6. Performance and Practical Considerations
PP-NNS systems are evaluated on metrics including computational efficiency, scalability, communication overhead, and empirical privacy/utility trade-off:
| Approach | Query Latency | Communication | Security | Scalability/Notes |
|---|---|---|---|---|
| Paillier-based kNN (Mishra et al., 2024, Samanthula et al., 2014) | Seconds (LAN, n=10k, m=16) | <100 MB/query | Full IND-CPA, pattern hiding | Linear in n∙m, parallelizable |
| PQ+FHE+TEE hybrid (Saeki et al., 20 Apr 2026) | >50 QPS (n~1M) | 1.5–6 MiB/query | Leakage: codebook/indices only | PQ/packing enables million-scale |
| Distance-preserving encoding + ANN (Biswas et al., 2020) | ms/query (p=16) | O(k) | Non-invertible, quantization | Precision/recall near raw data |
| Secure LSH (Riazi et al., 2016) | ~1 s (n=10⁹, k=8) | O(nρ+ℓ) bits | ε-secure (info-theoretic) | Sublinear query time |
| Differential privacy + JL (Kenthapadi et al., 2012) | O(nk) | O(nk) (sketch pub/release) | (ε,δ)-DP | Effective for moderate noise; subsequent fast ANN possible |
| Approximate Top-k/SANNS (Chen et al., 2019) | 30 s (n=10⁷) | 5.5 GB/query | Semi-honest, simulation-based | 10⁷-scale, multi-threaded |
Overall, deploying PP-NNS at large scale requires trade-offs between cryptographic assurance, practical throughput, and leakage minimization. Techniques such as product quantization, SIMD-packing, and hybrid TEE deployment are pivotal for practical throughput (Saeki et al., 20 Apr 2026).

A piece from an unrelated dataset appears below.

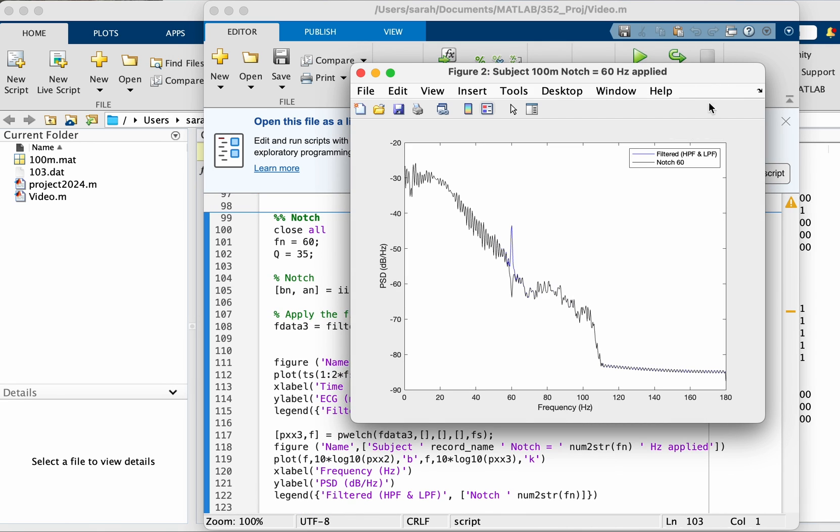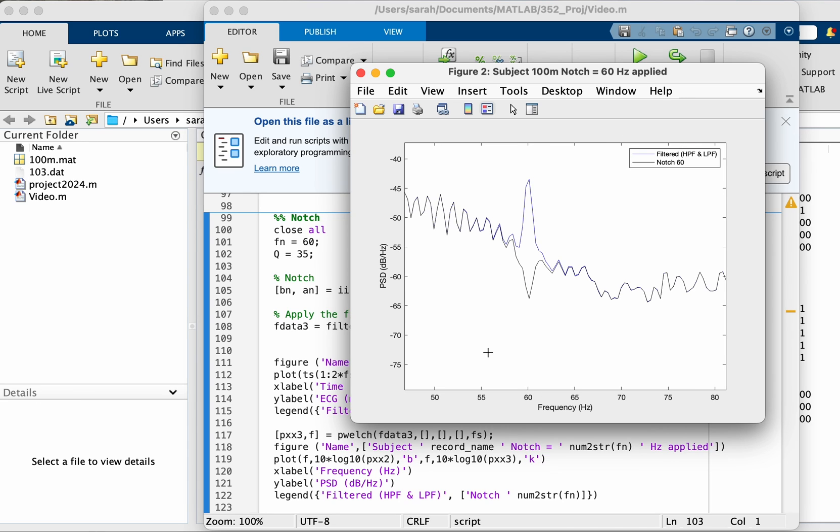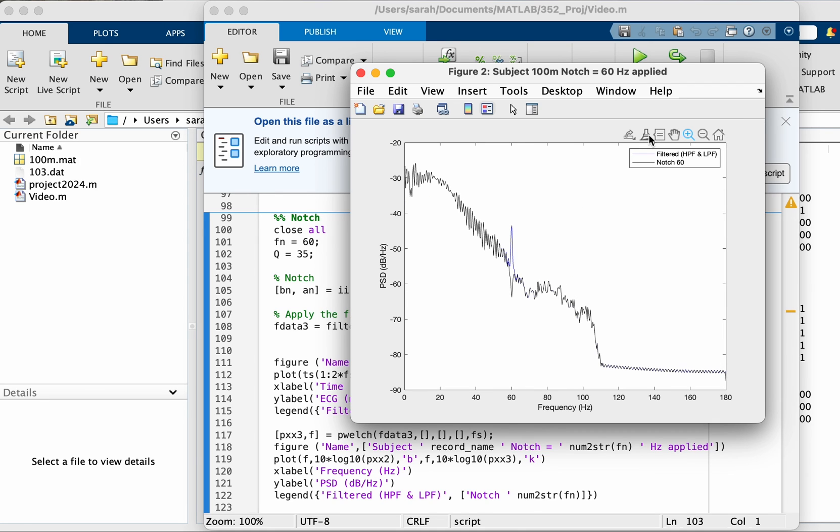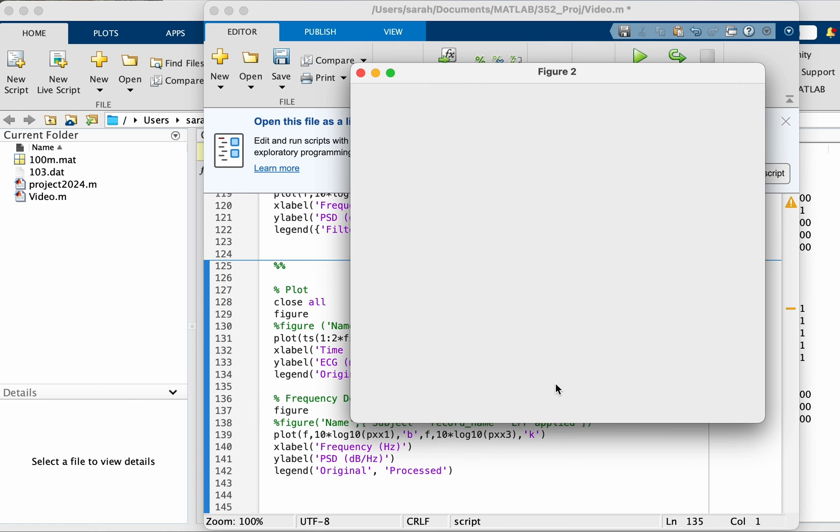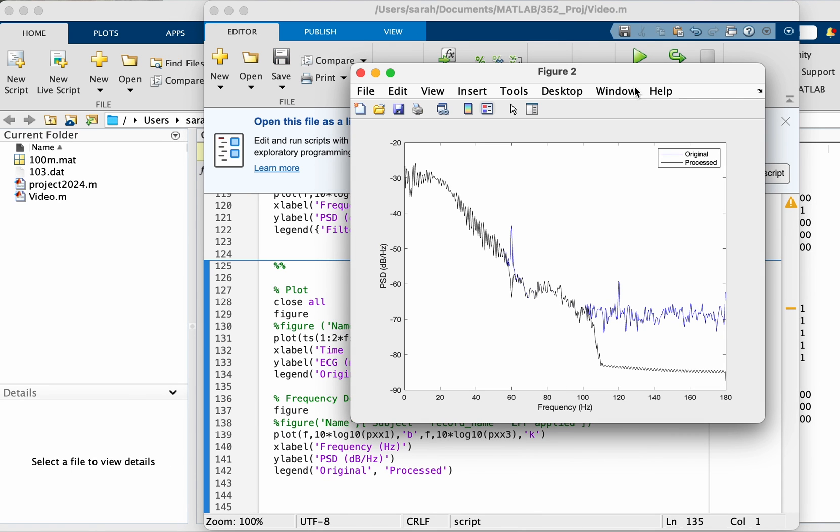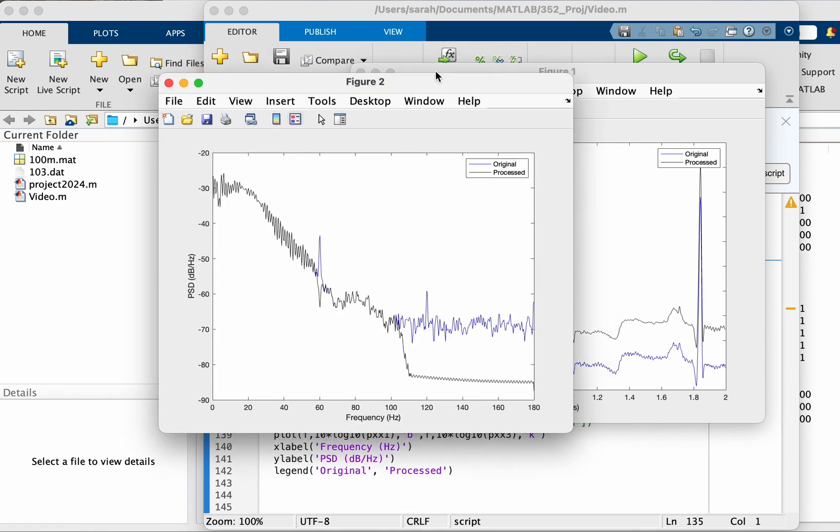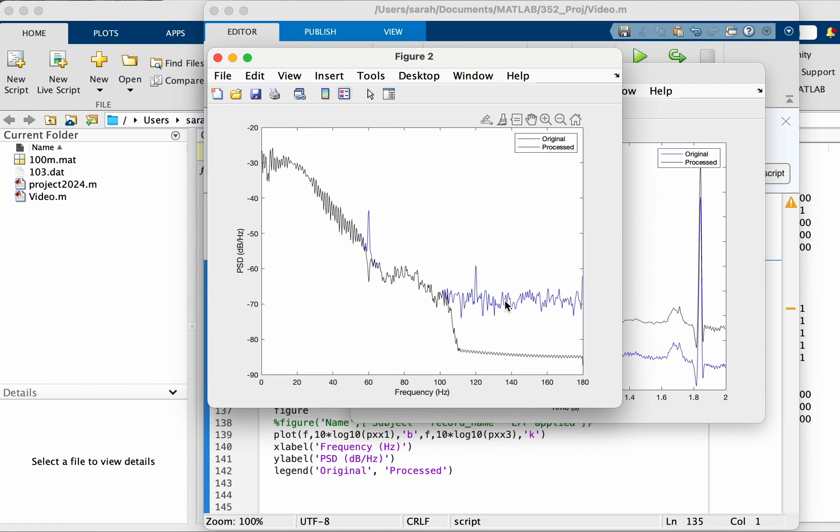Okay, as you can see, the peak at 60 was removed and was replaced with a dip, so it was heavily reduced. Let's now compare the original versus the processed signal.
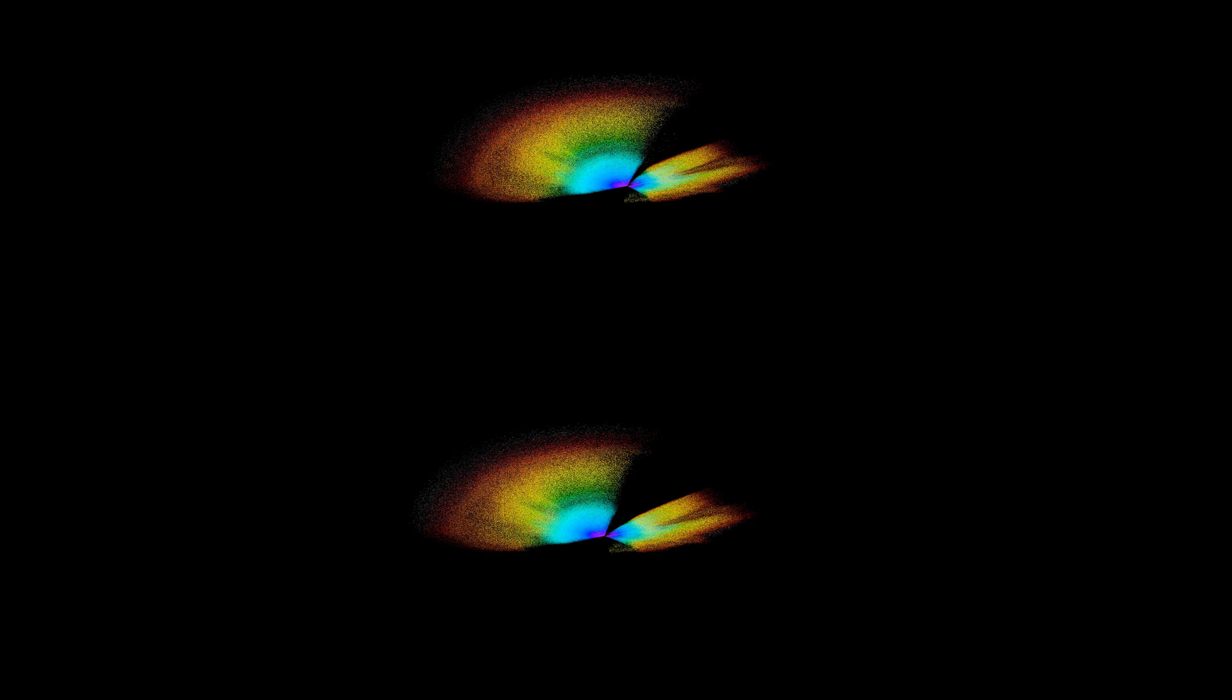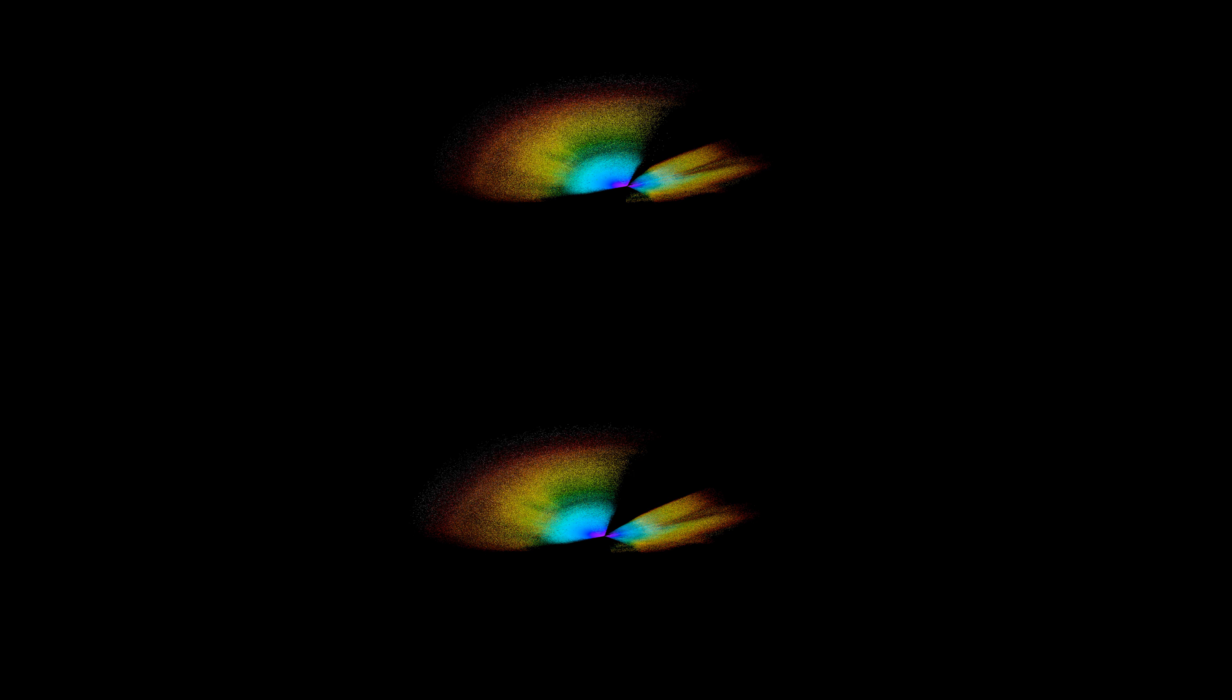In this new map of our universe, the large dark patches are mostly regions obscured by the Milky Way that cannot be observed.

Approximate and filtered search strategies, such as filter-and-refine with a privacy-preserving index, reduce the search space for secure distance computation, thereby enhancing scalability (Liu et al., 14 Aug 2025). Advanced randomized algorithms for approximate top-k in garbled circuits further alleviate the circuit bottleneck typical of exact secure computation (Chen et al., 2019).
7. Applications, Extensions, and Open Challenges
PP-NNS protocols have seen applications in outsourced data mining, privacy-preserving recommendation systems, location-based services with trajectory privacy, federated translation with cross-client datastore sharing, and context retrieval for private in-context learning (Mishra et al., 2024, Lu et al., 2015, Hashem et al., 2011, Du et al., 2023, Koskela et al., 6 Nov 2025).

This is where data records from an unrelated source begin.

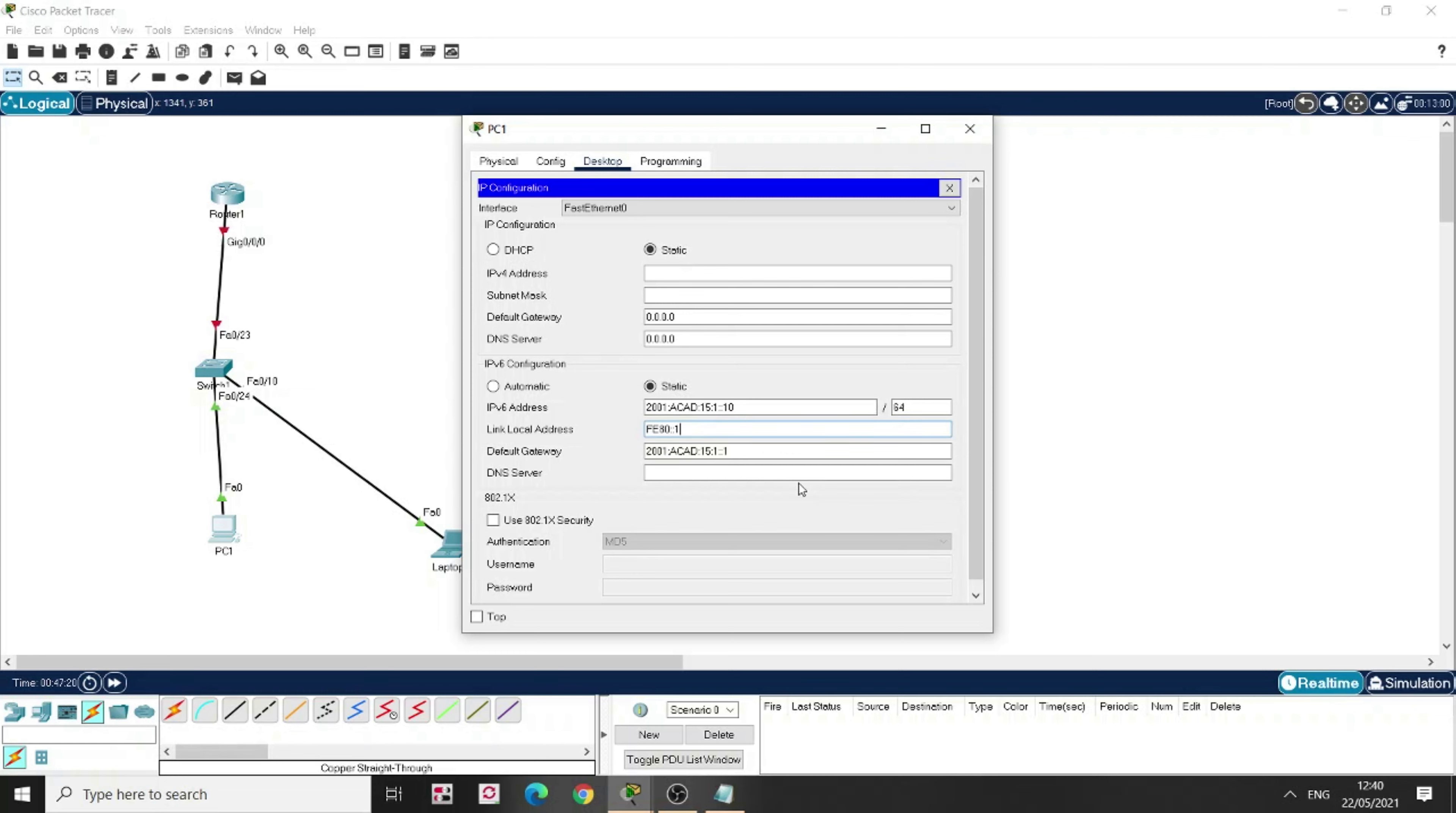Alright, so this is the IPv6 address. So I've entered here, I've put on the IPv6 address, link local default gateway. If I close it, it should be okay.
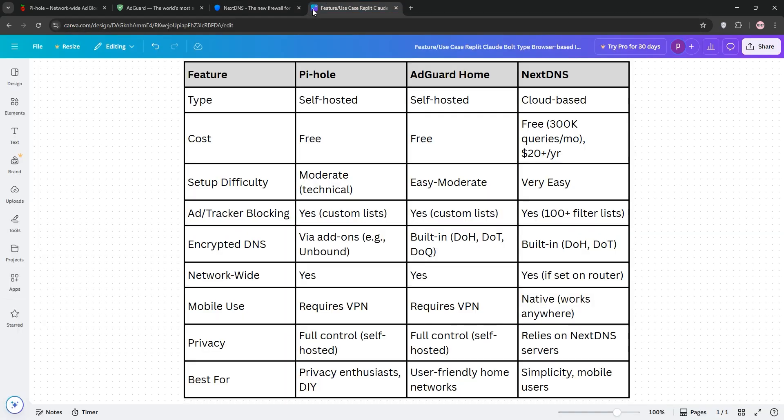So, how do they stack up? PyHole is best for privacy-focused tech enthusiasts who want full control and don't mind self-hosting. It's free but needs maintenance and isn't mobile-friendly without extra setup. AdGuard Home is great for those wanting a balance. It's free, user-friendly, and supports encrypted DNS, making it ideal for home networks.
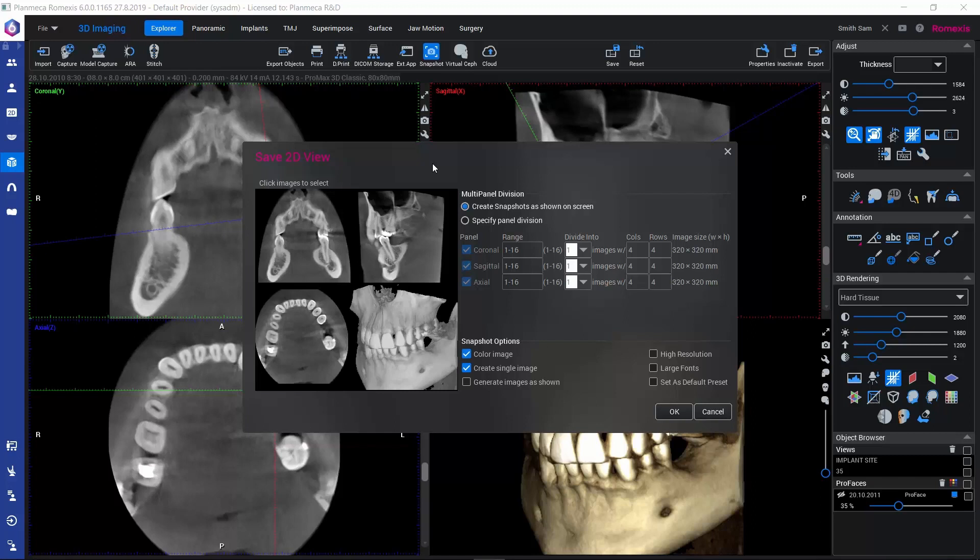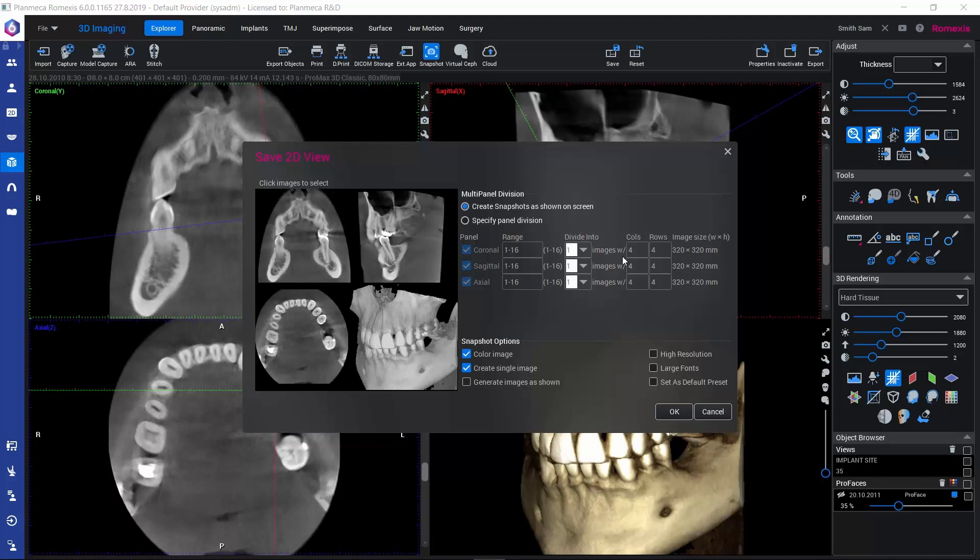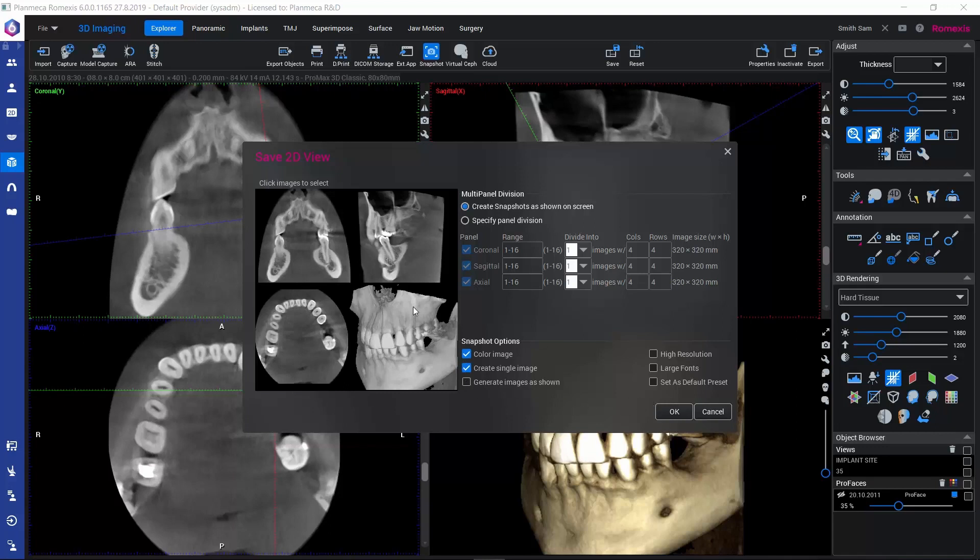First, if we would like to save several slices of the views and configure the layout in which they would appear as 2D images, we can use this multi-panel division here and specify how many slices and how they would be distributed in columns and rows. If we would just like to simply save some of these four views here, we can play with the options here.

Key open challenges and future directions include:
- Multi-owner and malicious threat resilience: Existing impossibility results block exact k-NN under collusion; research continues into kernel- and DP-based substitutes resilient to such attacks (Li et al., 2015).
- Dynamic updates: Efficient, privacy-preserving maintenance of the index for insertions/deletions remains a challenge, especially under secure or distributed secret sharing.
- Access-pattern hiding beyond semi-honest: Achieving O(1) leakage (e.g., through ORAM or oblivious indices) remains a central goal for high-sensitivity datasets (Saeki et al., 20 Apr 2026).
- Resource-efficient secure approximate selection: Sublinear protocols leveraging privacy-aware LSH or data-oblivious inductive structures are approaching practical scale (Riazi et al., 2016, Feng et al., 5 Jun 2025).
- Hardware-assisted secure computation: TEE-based acceleration is promising but must carefully bound side-channel and memory-leakage under adversarial models (Saeki et al., 20 Apr 2026).
- Differential privacy/utility trade-offs under adaptivity: Privacy filter mechanisms, per-example DP budgeting, and task-adaptive retrieval strategies are essential for LLM in-context search (Koskela et al., 6 Nov 2025).
Privacy-preserving nearest neighbor search is thus a rapidly advancing and technically rich field, combining cryptography, high-dimensional data analysis, and scalable system design. The current literature demonstrates both rigorous security under strong adversarial models and practical performance at million-scale search, with a spectrum of techniques balancing leakage, accuracy, and computational cost.